The pain wasn’t spread evenly. The industrial heartlands – the North of England, the Midlands, Wales, and Scotland – bore the brunt of these job losses. Even London, with its significant manufacturing base, particularly in the East End, felt the sting.
The immediate consequences were devastating:
- Mass Unemployment: Traditional industries like coal, shipbuilding, steel, and textiles saw widespread job losses, leaving communities reeling.
- Economic Wasteland: Factory closures and derelict sites became symbols of decline, eroding the local tax base and leading to urban decay.
- Skills Cliff Edge: Workers from traditional sectors often lacked the skills needed for the burgeoning service economy, leading to long-term unemployment and underemployment in lower-paid roles.
- Social Fallout: High unemployment fuelled poverty, crime, family breakdown, and a fracturing of community spirit.
- Brain Drain: Skilled workers and younger generations often sought opportunities elsewhere, further weakening the economic prospects of these areas and leading to ageing populations.
- Knock-on Collapse: Businesses reliant on these major industries also suffered, triggering further job losses and a drain of spending from local economies.

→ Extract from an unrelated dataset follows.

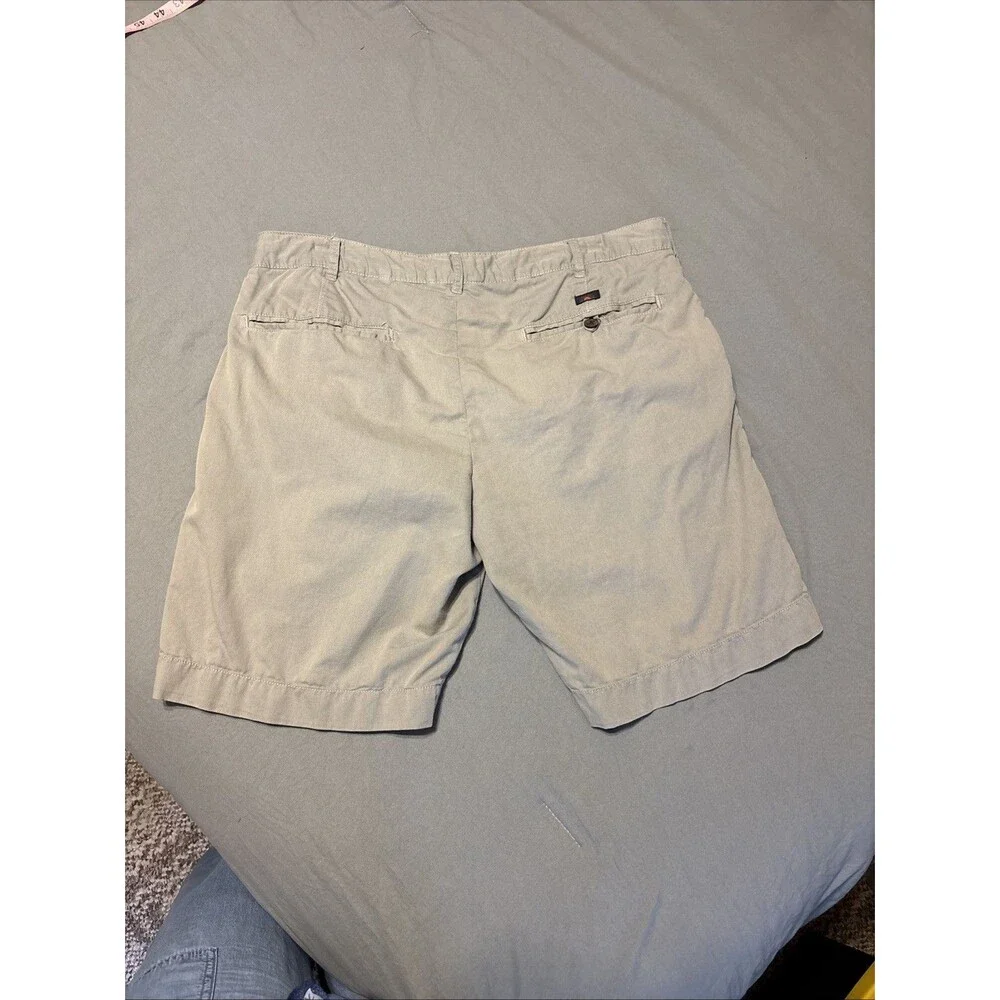Faherty Mens Movement Chino Shorts Grey Sz 34 Organic Cotton 9” Inseam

The enduring legacy of industrialisation and deindustrialisation has carved deep regional divides – the persistent North-South split we still grapple with today. Deindustrialisation disproportionately hammered regions in the North, Scotland, and Wales, widening the chasm with the more prosperous South East.
Local, regional, and urban economic development in the UK has been fundamentally shaped by the fallout from this industrial upheaval. Job losses and derelict land became defining features, prompting local authorities to act. Government and EU funding streams emerged as lifelines for economic initiatives.

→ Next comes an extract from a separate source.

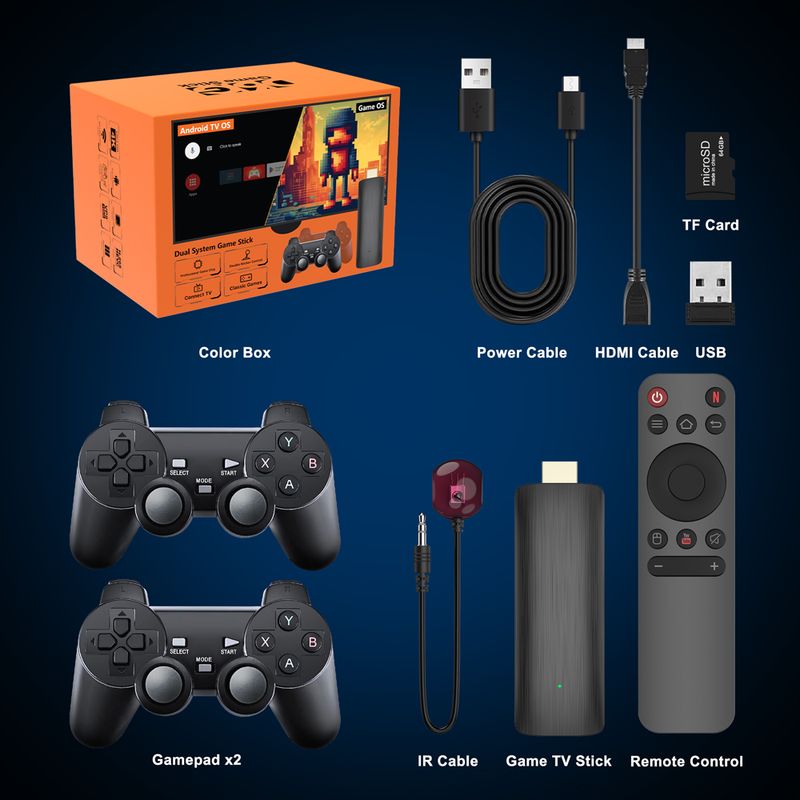 ELEBAO D6G Retro TV 64GB 10000 x2 Lite Juegos Gamepad Video Console 4K Game Stick_voghion.com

However – it is worth remembering that the UK manufacturing sector endures. It still produces similar values of output in terms of GVA as it did 30 years ago, it just does it with fewer people.
Change can bring opportunity
While the immediate impact was undeniably painful, deindustrialisation was part of a broader, albeit disruptive, shift towards a more service-based and knowledge-driven economy. This transition, eventually, fostered new industries and jobs in some areas, even if requiring a different skillset.
There were also unexpected silver linings:
- Cleaner environments: the decline of heavily polluting industries led to improved air and water quality in some regions.
- Regeneration potential: derelict industrial land offered blank canvases for redevelopment and the creation of green spaces, although the costs of remediation were significant and time-consuming.
- Brownfield redevelopment (with caveats): some areas saw brownfield sites transformed into housing, retail spaces (though this model now faces challenges), and other sectors. The London Docklands and Gateshead MetroCentre stand as examples, though the long-term viability of retail-led regeneration is increasingly questioned.
- National productivity gains: the national shift towards more productive service industries contributed to overall labour productivity increases.
- Cheaper imports: the ability to import more affordable manufactured goods did increase national disposable income.
The Severity of Impact Depended On:
- The Speed and Scale of Decline: Rapid, large-scale closures were far more damaging than gradual transitions.
- Economic Diversity: Regions with varied economies weathered the storm better.
- Government Intervention: Effective government support for retraining, diversification, and regional development was crucial.
- Local Leadership and Adaptability: The ability of local actors to forge new strategies was paramount for recovery.
In conclusion, deindustrialisation (the decline in manufacturing employment and decrease in manufacturing firms) has left a profound and often painful inheritance on the UK’s local and regional economies. While a necessary part of wider economic restructuring, its uneven impact has fuelled persistent regional inequalities that demand our continued attention and innovative solutions.